A new political format for Europe

The “European Political Community” EPC

ds. On 6 October, 43 European countries founded the “European Political Community” EPC in Prague. Not only the heads of state and government of the EU, but also the top representatives from 17 other countries, from Iceland to Turkey, from Albania to Armenia, met in Prague to discuss new possibilities for cooperation. Switzerland was represented by its President for the Swiss Confederation Ignazio Cassis.
  “A European summit in a class of its own”, writes the “Neue Zürcher Zeitung” on 7 October. And in the following interview, German political scientist Daniela Schwarzer of the Open Society Foundations – a group of foundations of American billionaire George Soros based in New York – explains what the ECP is all about. Ms Schwarzer has been Managing Director for Europe and Eurasia since May last year.
  She speaks of a platform that is open to all states in Europe. Countries that do not want to join the EU could also participate. It is not about economic integration, but about areas such as collective security and energy. “We have the opportunity,” she continues, “to create a geopolitical dialogue forum for the whole continent that does not yet exist”. The challenge is “to find a common basic political orientation. Especially in the conflict with Russia”. For them, the EPC is both a bridge and an alternative to the EU.
  For the organisation, informal cooperation between states would suffice in the beginning, as long as there was no hard legal basis.
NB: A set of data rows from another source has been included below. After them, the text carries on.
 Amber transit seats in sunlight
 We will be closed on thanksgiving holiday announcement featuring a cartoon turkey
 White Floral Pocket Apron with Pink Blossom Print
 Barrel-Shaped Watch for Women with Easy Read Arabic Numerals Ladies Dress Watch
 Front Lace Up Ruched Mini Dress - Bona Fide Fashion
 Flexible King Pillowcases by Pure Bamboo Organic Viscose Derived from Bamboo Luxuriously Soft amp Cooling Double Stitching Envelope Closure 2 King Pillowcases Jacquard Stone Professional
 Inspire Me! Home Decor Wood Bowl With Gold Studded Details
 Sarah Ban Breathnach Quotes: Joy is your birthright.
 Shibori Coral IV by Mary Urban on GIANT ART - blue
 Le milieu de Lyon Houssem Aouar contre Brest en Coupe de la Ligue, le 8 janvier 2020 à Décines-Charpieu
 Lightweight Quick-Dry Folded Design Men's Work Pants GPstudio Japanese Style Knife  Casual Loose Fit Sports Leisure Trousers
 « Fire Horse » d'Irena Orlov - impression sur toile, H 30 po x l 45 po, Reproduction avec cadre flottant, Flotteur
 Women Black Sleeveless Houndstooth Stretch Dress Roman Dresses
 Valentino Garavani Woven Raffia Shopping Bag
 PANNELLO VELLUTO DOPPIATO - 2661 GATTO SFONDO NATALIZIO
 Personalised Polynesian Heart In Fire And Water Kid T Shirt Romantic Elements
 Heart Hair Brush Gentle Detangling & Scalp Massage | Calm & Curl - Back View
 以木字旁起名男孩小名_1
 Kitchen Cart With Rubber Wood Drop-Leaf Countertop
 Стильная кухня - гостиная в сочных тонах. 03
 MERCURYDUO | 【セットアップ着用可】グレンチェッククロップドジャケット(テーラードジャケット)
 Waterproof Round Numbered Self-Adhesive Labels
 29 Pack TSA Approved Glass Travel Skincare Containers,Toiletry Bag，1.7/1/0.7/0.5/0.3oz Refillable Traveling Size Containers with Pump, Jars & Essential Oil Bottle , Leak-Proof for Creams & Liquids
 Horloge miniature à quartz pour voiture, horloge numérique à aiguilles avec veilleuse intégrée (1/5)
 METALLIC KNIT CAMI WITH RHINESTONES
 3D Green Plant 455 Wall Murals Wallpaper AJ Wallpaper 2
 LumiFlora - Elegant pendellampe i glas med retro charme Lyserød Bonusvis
But the further this community actually takes concrete political decisions, the more important it becomes either to create a secretariat or to borrow capacities from existing organisations. This is where the EU would come into play, as it already provides services to “non-EU states” within the framework of its neighbourhood policy.
  In order to move forward at all, the community had to be built flexibly. For her, this means working in sub-groups and deciding by qualified majority, so that no single state could prevent the others from going ahead. Cooperation would have to be structured in such a way that groups of willing states could precede.